Work item
Set down the data again in full, keeping every line exactly as it is.
•••••
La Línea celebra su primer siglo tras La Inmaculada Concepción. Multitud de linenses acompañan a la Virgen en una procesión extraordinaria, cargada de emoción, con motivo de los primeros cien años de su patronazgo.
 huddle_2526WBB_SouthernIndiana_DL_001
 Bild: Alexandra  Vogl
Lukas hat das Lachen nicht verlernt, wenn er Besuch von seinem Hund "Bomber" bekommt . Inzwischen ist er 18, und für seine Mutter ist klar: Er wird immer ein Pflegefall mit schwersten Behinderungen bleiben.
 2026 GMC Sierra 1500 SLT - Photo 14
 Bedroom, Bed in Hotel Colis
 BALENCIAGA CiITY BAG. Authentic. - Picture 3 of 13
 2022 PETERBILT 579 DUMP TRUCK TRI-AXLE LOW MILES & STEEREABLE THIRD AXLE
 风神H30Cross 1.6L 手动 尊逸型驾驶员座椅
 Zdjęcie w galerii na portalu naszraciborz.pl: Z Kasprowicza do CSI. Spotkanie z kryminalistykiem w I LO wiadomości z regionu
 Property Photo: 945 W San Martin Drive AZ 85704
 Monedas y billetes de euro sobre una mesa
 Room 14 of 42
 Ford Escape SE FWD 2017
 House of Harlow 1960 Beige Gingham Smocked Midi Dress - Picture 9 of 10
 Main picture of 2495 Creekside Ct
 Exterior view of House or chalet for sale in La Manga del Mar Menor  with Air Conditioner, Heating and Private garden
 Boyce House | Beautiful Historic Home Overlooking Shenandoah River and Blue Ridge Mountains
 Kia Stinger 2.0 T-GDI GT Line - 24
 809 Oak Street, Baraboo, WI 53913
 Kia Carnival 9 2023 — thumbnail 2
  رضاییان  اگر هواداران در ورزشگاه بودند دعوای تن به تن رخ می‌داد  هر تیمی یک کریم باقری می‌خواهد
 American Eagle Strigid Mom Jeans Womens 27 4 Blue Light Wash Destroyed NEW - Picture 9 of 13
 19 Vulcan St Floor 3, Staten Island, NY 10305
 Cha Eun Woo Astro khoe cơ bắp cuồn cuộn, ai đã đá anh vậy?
•••••
Your solution
La Línea celebra su primer siglo tras La Inmaculada Concepción. Multitud de linenses acompañan a la Virgen en una procesión extraordinaria, cargada de emoción, con motivo de los primeros cien años de su patronazgo.
 huddle_2526WBB_SouthernIndiana_DL_001
 Bild: Alexandra  Vogl
Lukas hat das Lachen nicht verlernt, wenn er Besuch von seinem Hund "Bomber" bekommt . Inzwischen ist er 18, und für seine Mutter ist klar: Er wird immer ein Pflegefall mit schwersten Behinderungen bleiben.
 2026 GMC Sierra 1500 SLT - Photo 14
 Bedroom, Bed in Hotel Colis
 BALENCIAGA CiITY BAG. Authentic. - Picture 3 of 13
 2022 PETERBILT 579 DUMP TRUCK TRI-AXLE LOW MILES & STEEREABLE THIRD AXLE
 风神H30Cross 1.6L 手动 尊逸型驾驶员座椅
 Zdjęcie w galerii na portalu naszraciborz.pl: Z Kasprowicza do CSI. Spotkanie z kryminalistykiem w I LO wiadomości z regionu
 Property Photo: 945 W San Martin Drive AZ 85704
 Monedas y billetes de euro sobre una mesa
 Room 14 of 42
 Ford Escape SE FWD 2017
 House of Harlow 1960 Beige Gingham Smocked Midi Dress - Picture 9 of 10
 Main picture of 2495 Creekside Ct
 Exterior view of House or chalet for sale in La Manga del Mar Menor  with Air Conditioner, Heating and Private garden
 Boyce House | Beautiful Historic Home Overlooking Shenandoah River and Blue Ridge Mountains
 Kia Stinger 2.0 T-GDI GT Line - 24
 809 Oak Street, Baraboo, WI 53913
 Kia Carnival 9 2023 — thumbnail 2
  رضاییان  اگر هواداران در ورزشگاه بودند دعوای تن به تن رخ می‌داد  هر تیمی یک کریم باقری می‌خواهد
 American Eagle Strigid Mom Jeans Womens 27 4 Blue Light Wash Destroyed NEW - Picture 9 of 13
 19 Vulcan St Floor 3, Staten Island, NY 10305
 Cha Eun Woo Astro khoe cơ bắp cuồn cuộn, ai đã đá anh vậy?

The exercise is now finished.